--- ABOUT THIS EXERCISE ---
Would you transcribe the whole listing exactly, minus its pictures?

--- SOURCE MATERIAL ---
BEGIN
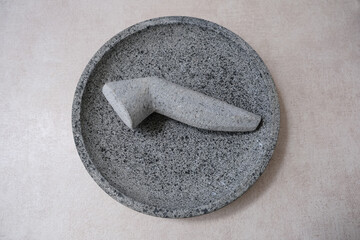 Cobek Batu or mortar and pestle, stone craft

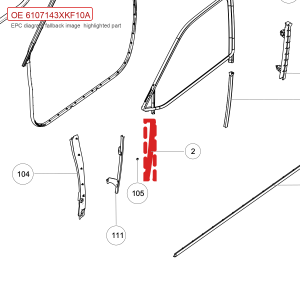 For GWM Tank 700 Hi4 T Left Front Door Glass Run Channel Lower Section 6107143XKF10A
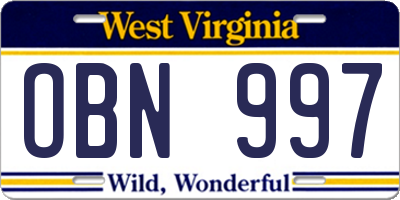 WV license plate OBN997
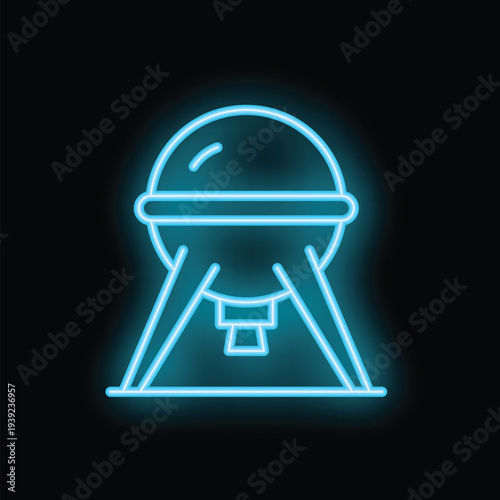 Blue neon sign of the sputnik satellite orbiting earth, a symbol of the beginning of the space race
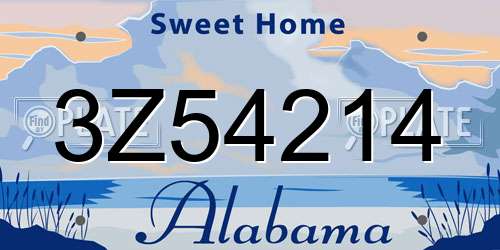 3Z54214 Alabama License Plate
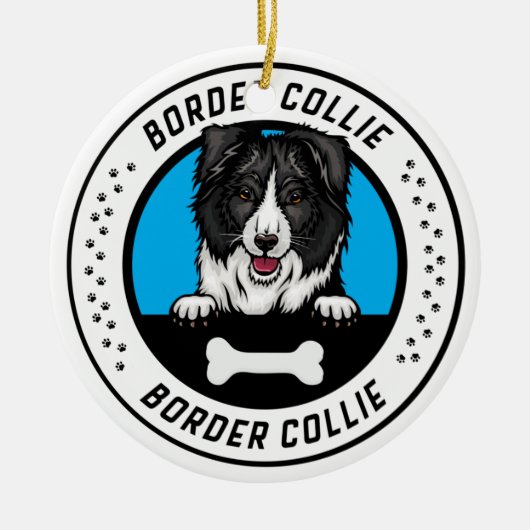 Border Collie Peeking Illustration Badge Keramisch Ornament (Voorkant)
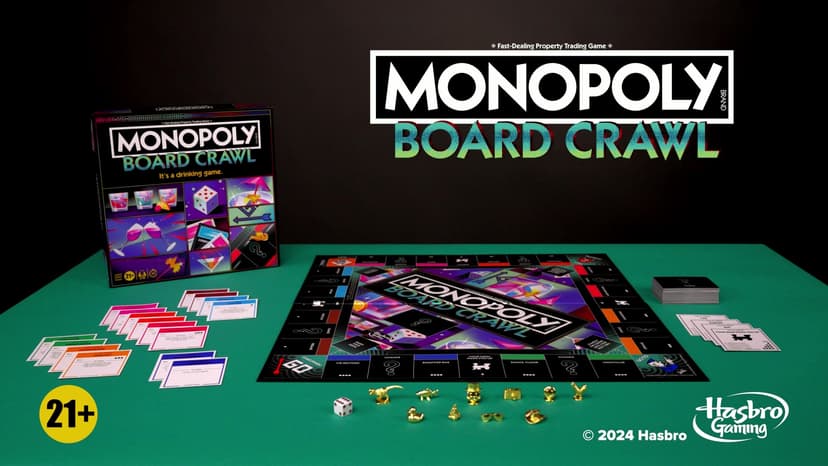 Monopoly Board Crawl Game | Official Monopoly Drinking Game for Adults Only | Ages 21+ | for 2-10 Players | 30 Mins. | Hilarious Adult Party Games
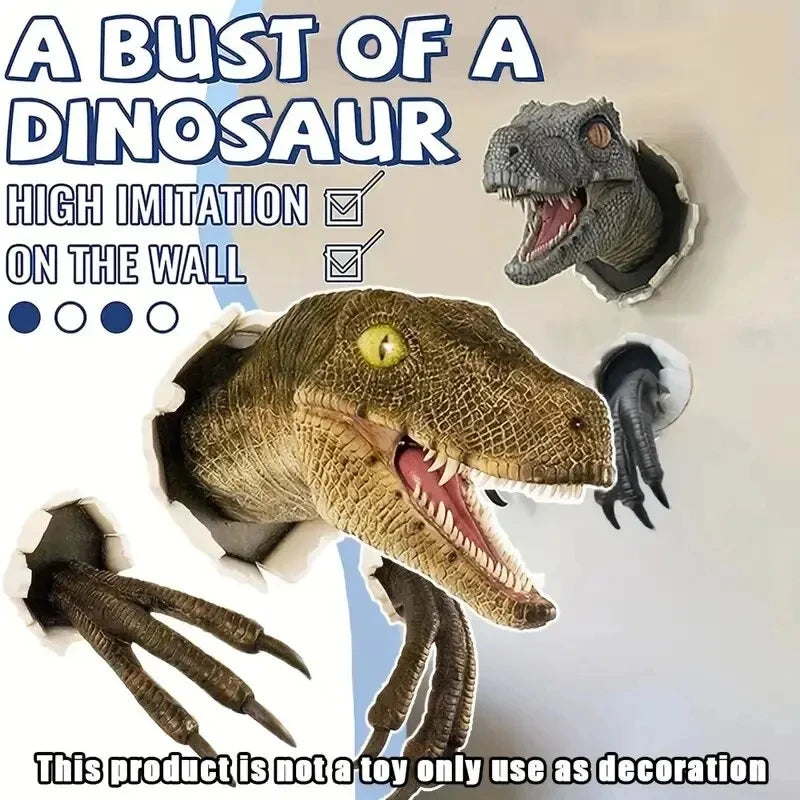 3D Broken Wall Dinosaur Head Decor Realistic Velociraptor Mount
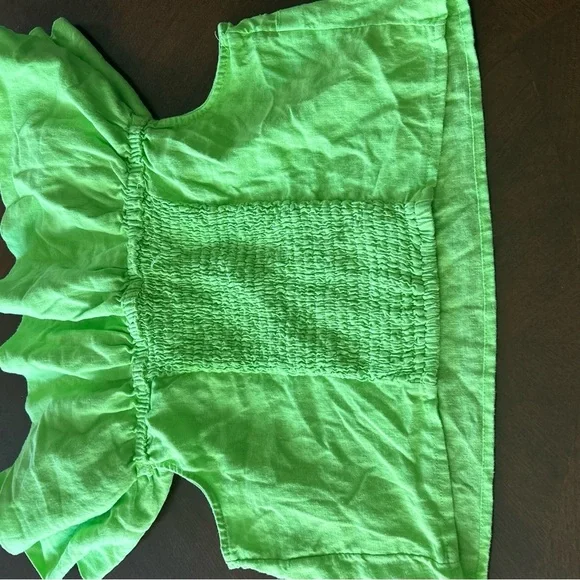 A New Day | Linen Blend Lime Green Off-Shoulder Crop Top - Picture 6 of 10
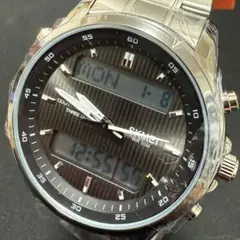 新品 SKMEI デュアルウォッチ メンズ腕時計 ブラック＆シルバーステンレスS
END
--- ANSWER SPACE ---
 Cobek Batu or mortar and pestle, stone craft

 For GWM Tank 700 Hi4 T Left Front Door Glass Run Channel Lower Section 6107143XKF10A
 WV license plate OBN997
 Blue neon sign of the sputnik satellite orbiting earth, a symbol of the beginning of the space race
 3Z54214 Alabama License Plate
 Border Collie Peeking Illustration Badge Keramisch Ornament (Voorkant)
 Monopoly Board Crawl Game | Official Monopoly Drinking Game for Adults Only | Ages 21+ | for 2-10 Players | 30 Mins. | Hilarious Adult Party Games
 3D Broken Wall Dinosaur Head Decor Realistic Velociraptor Mount
 A New Day | Linen Blend Lime Green Off-Shoulder Crop Top - Picture 6 of 10
 新品 SKMEI デュアルウォッチ メンズ腕時計 ブラック＆シルバーステンレスS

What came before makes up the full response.